Enhancement occurs where the secondary X-rays emitted by a heavier element are sufficiently energetic to stimulate additional secondary emission from a lighter element. This phenomenon can also be modelled, and corrections can be made provided that the full matrix composition can be deduced.

Sample macroscopic effects consist of effects of inhomogeneities of the sample, and unrepresentative conditions at its surface. Samples are ideally homogeneous and isotropic, but they often deviate from this ideal. Mixtures of multiple crystalline components in mineral powders can result in absorption effects that deviate from those calculable from theory. When a powder is pressed into a tablet, the finer minerals concentrate at the surface. Spherical grains tend to migrate to the surface more than do angular grains. In machined metals, the softer components of an alloy tend to smear across the surface. Considerable care and ingenuity are required to minimize these effects. Because they are artifacts of the method of sample preparation, these effects can not be compensated by theoretical corrections, and must be "calibrated in". This means that the calibration materials and the unknowns must be compositionally and mechanically similar, and a given calibration is applicable only to a limited range of materials. Glasses most closely approach the ideal of homogeneity and isotropy, and for accurate work, minerals are usually prepared by dissolving them in a borate glass, and casting them into a flat disc or "bead". Prepared in this form, a virtually universal calibration is applicable. 
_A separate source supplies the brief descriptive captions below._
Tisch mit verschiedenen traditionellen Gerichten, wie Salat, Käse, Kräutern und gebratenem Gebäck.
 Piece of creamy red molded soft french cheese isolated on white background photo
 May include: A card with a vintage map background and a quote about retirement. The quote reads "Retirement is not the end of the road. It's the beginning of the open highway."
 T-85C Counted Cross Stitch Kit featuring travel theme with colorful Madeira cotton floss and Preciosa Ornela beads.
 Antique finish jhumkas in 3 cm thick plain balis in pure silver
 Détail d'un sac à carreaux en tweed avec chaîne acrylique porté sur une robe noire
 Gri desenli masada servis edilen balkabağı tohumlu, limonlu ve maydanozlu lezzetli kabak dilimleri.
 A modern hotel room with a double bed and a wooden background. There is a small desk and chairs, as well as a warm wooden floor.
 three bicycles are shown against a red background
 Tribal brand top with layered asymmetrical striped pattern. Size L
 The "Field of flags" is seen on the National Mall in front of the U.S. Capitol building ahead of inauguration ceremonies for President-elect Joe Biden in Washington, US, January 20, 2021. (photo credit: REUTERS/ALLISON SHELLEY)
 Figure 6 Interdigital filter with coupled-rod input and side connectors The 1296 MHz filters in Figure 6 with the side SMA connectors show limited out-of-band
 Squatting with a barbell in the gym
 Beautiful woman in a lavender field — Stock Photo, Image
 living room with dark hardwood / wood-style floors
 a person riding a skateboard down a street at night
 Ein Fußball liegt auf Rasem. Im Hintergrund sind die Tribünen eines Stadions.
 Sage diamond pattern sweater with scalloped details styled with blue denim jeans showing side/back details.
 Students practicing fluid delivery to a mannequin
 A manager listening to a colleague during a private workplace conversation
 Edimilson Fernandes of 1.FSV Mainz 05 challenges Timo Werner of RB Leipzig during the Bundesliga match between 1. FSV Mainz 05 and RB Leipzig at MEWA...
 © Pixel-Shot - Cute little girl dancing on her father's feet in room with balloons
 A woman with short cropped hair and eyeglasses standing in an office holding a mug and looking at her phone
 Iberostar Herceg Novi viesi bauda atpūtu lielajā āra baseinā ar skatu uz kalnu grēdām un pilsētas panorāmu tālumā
Further corrections that are often employed include background correction and line overlap correction. The background signal in an XRF spectrum derives primarily from scattering of primary beam photons by the sample surface. Scattering varies with the sample mass absorption, being greatest when mean atomic number is low. When measuring trace amounts of an element, or when measuring on a variable light matrix, background correction becomes necessary. This is really only feasible on a sequential spectrometer. Line overlap is a common problem, bearing in mind that the spectrum of a complex mineral can contain several hundred measurable lines. Sometimes it can be overcome by measuring a less-intense, but overlap-free line, but in certain instances a correction is inevitable. For instance, the Kα is the only usable line for measuring sodium, and it overlaps the zinc Lβ (L₂-M₄) line. Thus zinc, if present, must be analysed in order to properly correct the sodium value.

Other spectroscopic methods using the same principle

It is also possible to create a characteristic secondary X-ray emission using other incident radiation to excite the sample:

• Electron beam: electron microprobe;
• Ion beam: particle induced X-ray emission (PIXE).

When radiated by an X-ray beam, the sample also emits other radiations that can be used for analysis:

• Electrons ejected by the photoelectric effect: X-ray photoelectron spectroscopy (XPS), also called electron spectroscopy for chemical analysis (ESCA)

The de-excitation also ejects Auger electrons, but Auger electron spectroscopy (AES) normally uses an electron beam as the probe. 

Confocal microscopy X-ray fluorescence imaging is a newer technique that allows control over depth, in addition to horizontal and vertical aiming, for example, when analysing buried layers in a painting.

Instrument qualification

A 2001 review, addresses the application of portable instrumentation from QA/QC perspectives. It provides a guide to the development of a set of SOPs if regulatory compliance guidelines are not available.